David Hampton (b. April 4, 1964 – d. July 18, 2003)
Few con artists have inspired the arts the way David Hampton did. His streak through the upper-class of Manhattan in the 1980s served as inspiration for the play “Six Degrees of Separation,” which was turned into a movie starring Will Smith in the lead role. Hampton infiltration of high society made him legendary, but his initial ambitions were much more humble. He just wanted to get inside an exclusive night club. So, in 1983, he claimed to be Sidney Poitier's son in order to get past the velvet rope outside Studio 54. The con worked like a charm, and Hampton started running the scheme uptown. As David Poitier, he convinced a string of notables into letting him stay in their homes or into giving him money. Among his marks, Calvin Klein, Melanie Griffith and Gary Sinise. Hampton's ruse was eventually found out, and he was sent to jail -- a pattern that came to dominate his life until he died of AIDS-related complications in 2003.
Steven Jay Russel (b. September 14, 1957)
Many con artists are motivated by money; others by power; a few by psychosis. While an argument could be made that all three motivators played a part in Steven Jay Russel's streaks, he claims that he committed most of his crimes for love. Specifically for the love of Phillip Morris, a short, soft-spoken man that Russel met while they were both serving time in prison. Their romance, and the extensive fraud and embezzlement that Russel perpetrated to make the couple's extravagant lifestyle possible is at the heart of the jaw-dropping comedy, “I Love You Phillip Morris,” starring Jim Carrey as Russel and Ewan McGregor as Morris. Russel received a relatively light sentence for his initial crimes, but was so driven to be with Morris that he escaped from prison. He was caught again, then escaped again. Caught, escaped. Caught, escaped. Russel is currently serving a 144-year sentence. Guards now keep him in solitary confinement for 23 hours out of the day.
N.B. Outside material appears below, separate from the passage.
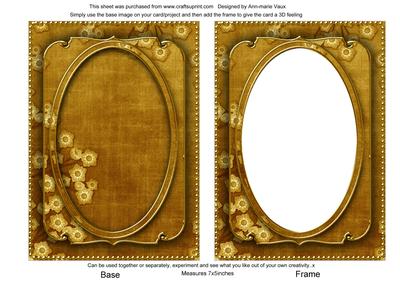 Gold Blossom Edge 7x5in Shaker Base and Frame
Aimee Semple McPherson (b. October 9, 1890 – d. September 27, 1944)
A precursor to today’s theatrical TV evangelists, Aimee Semple McPherson delivered sermons over the radio to reach her large flock in the 1920s. Yet, the biggest headlines of her career had little to do with religious matters. On May 18, 1926, McPherson reportedly went for a swim in the Pacific Ocean, then vanished. She was presumed dead. Thousands of mourners wept for her, until McPherson emerged in Mexico on June 23. She claimed that she had been kidnapped for ransom. Five witnesses stepped forward asserting that during her alleged captivity, they saw McPherson at a secluded seaside cottage with Kenneth Ormiston, a married man with whom she is rumored to have had an affair. The subsequent scandal led to McPherson being brought up on charges before a grand jury. The charges were dismissed, but McPherson’s pious reputation never recovered.
The broad strokes of the story behind Bernie Madoff’s financial fraud are generally well-known. For nearly 50 years, Madoff presented himself as a brilliant stockbroker, investment advisor and financier. His investment firm consistently produced profits for its clients, or so it seemed. In 2008, Madoff informed his sons that he was operating a Ponzi scheme on the verge of collapse. His sons turned him over to the authorities. What remains captivating about Madoff’s con is the shear size of it: $65 billion in losses, including fabricated gains; and thousands of lives ruined by personal loss or through the decimation of a host of charitable organizations. For his crimes, Madoff is currently serving a 150-year prison sentence -- the maximum allowed by law.